Exposant avoir découvert, postérieurement à l’acquisition, la présence d’amiante dans l’immeuble, reprochant à la S.A.S. PERFODIAG 95 et à la S.A.S. QUALICONSULT IMMOBILIER d’avoir établi des rapports de diagnostic concluant à l’absence d’amiante, et soutenant avoir été contrainte de faire réaliser des travaux de désamiantage pour un montant total de 474.000 euros T.T.C., la S.C.I. SCI [P] a, par exploits d’huissier en date des 9, 14, 15 et 16 juin 2023, fait assigner ces deux sociétés, ainsi que leur assureur respectif la S.A. AXA FRANCE IARD et la S.A. MMA IARD, devant le tribunal judiciaire de Paris en indemnisation de son préjudice.

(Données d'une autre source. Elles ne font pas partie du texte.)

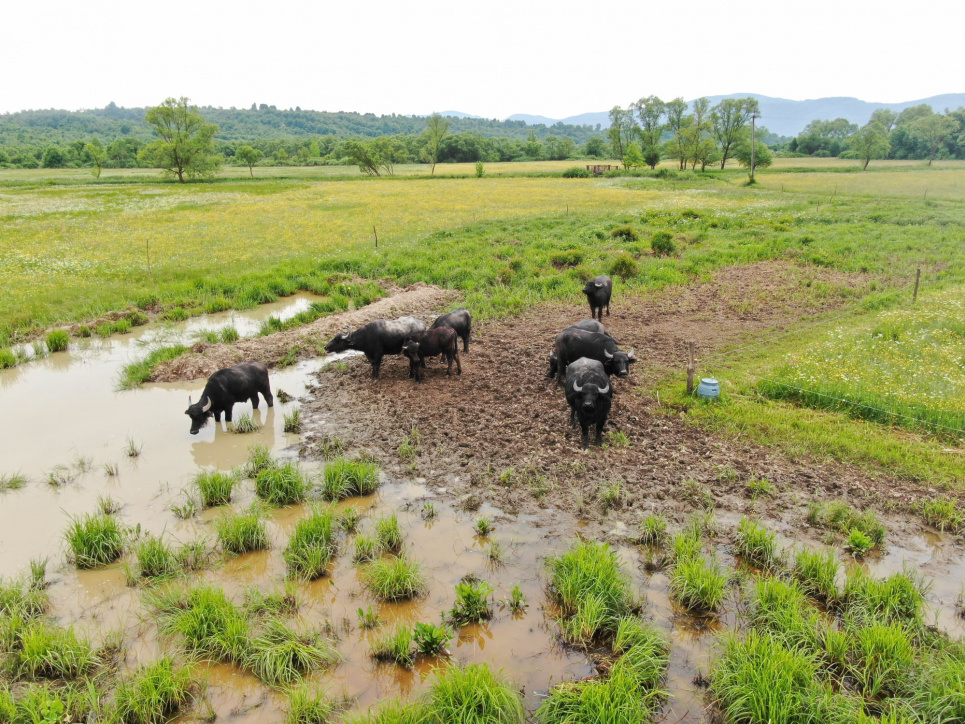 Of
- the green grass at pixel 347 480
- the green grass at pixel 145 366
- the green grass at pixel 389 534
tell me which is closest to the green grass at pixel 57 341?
the green grass at pixel 145 366

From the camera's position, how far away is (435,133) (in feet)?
301

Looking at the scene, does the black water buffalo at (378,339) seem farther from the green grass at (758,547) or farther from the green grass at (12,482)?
the green grass at (758,547)

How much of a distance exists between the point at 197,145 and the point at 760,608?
7561 centimetres

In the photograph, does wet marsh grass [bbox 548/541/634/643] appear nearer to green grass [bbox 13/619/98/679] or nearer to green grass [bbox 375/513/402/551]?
green grass [bbox 375/513/402/551]

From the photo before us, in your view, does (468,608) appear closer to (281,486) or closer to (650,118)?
(281,486)

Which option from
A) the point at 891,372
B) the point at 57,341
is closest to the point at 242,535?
the point at 57,341

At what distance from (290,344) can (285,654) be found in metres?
9.58

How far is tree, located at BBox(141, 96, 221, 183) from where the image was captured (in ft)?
212

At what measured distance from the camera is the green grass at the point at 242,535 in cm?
650

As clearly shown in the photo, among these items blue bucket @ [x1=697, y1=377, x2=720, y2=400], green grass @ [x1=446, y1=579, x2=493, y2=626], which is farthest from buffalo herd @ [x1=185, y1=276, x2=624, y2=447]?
green grass @ [x1=446, y1=579, x2=493, y2=626]

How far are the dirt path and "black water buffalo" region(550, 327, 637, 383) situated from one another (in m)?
0.61

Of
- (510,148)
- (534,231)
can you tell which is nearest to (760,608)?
(534,231)

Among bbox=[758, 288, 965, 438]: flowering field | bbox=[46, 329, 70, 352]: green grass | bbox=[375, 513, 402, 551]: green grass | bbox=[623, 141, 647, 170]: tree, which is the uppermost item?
bbox=[623, 141, 647, 170]: tree

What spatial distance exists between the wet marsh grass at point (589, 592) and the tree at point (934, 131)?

Aux termes de leurs dernières conclusions d’incident remises au greffe et notifiées par RPVA le 26 novembre 2024, la S.A.S. QUALICONSULT IMMOBILIER et la S.A. MMA IARD demandent au juge de la mise en état de :
– ordonner à la S.C.I. SCI [P] de communiquer les différents rapports de la S.A.S. BTP DIAGNOSTICS, dont le rapport en date du 1er septembre 2022 mentionné dans le devis de la société DI ENVIRONNEMENT en date du 3 novembre 2022, l’intégralité des factures de travaux et des factures de désamiantage acquittées, ainsi que les plannings et les comptes-rendus de chantier ;
– ordonner une mesure d’expertise et désigner tel expert judiciaire spécialisé en matière d’amiante qu’il plaira à la juridiction avec pour mission notamment de :
• après avoir convoqué les parties sur place [Adresse 8] à [Localité 17], en avisant leurs conseils et en entendant au besoin tout sachant, rechercher, étudier et annexer à son rapport copie de tous documents propres à éclairer le litige tels que titre de propriété, diagnostics, rapports d’expertise, autorisation d’urbanisme, et toute convention écrite ou verbale ;
• rechercher l’existence d’éventuels diagnostics relatifs à la présence d’amiante antérieurs à la vente en date du 22 septembre 2022 ;
• rechercher quels étaient les travaux initialement prévus par la S.C.I. SCI [P] dans l’immeuble antérieurement à la découverte des matériaux litigieux ;
• vérifier la réalité des désordres dénoncés par la S.C.I. SCI [P], préciser leur origine et leur nature ;
• dire si la présence d’amiante dans les matériaux litigieux situés dans les lieux était connue de la S.C.I. SCI [P] antérieurement à la vente ;
• dire si cette présence d’amiante pouvait être déterminée par la S.A.S. QUALICONSULT IMMOBILIER et par la S.A.S. PERFODIAG 95 dans le cadre de leurs missions respectives en conformité avec la réglementation et la norme applicables ;
• donner son avis sur le chiffrage des travaux, au vu des devis et factures produits ;
• plus généralement, donner son avis technique permettant au tribunal de statuer sur les responsabilités encourues et sur les préjudices éventuels en lien avec la présence d’amiante dans les lieux ;
– dire que l’avance des frais d’expertise sera à la charge de la S.C.I. SCI [P] ;
– réserver les frais irrépétibles et les dépens.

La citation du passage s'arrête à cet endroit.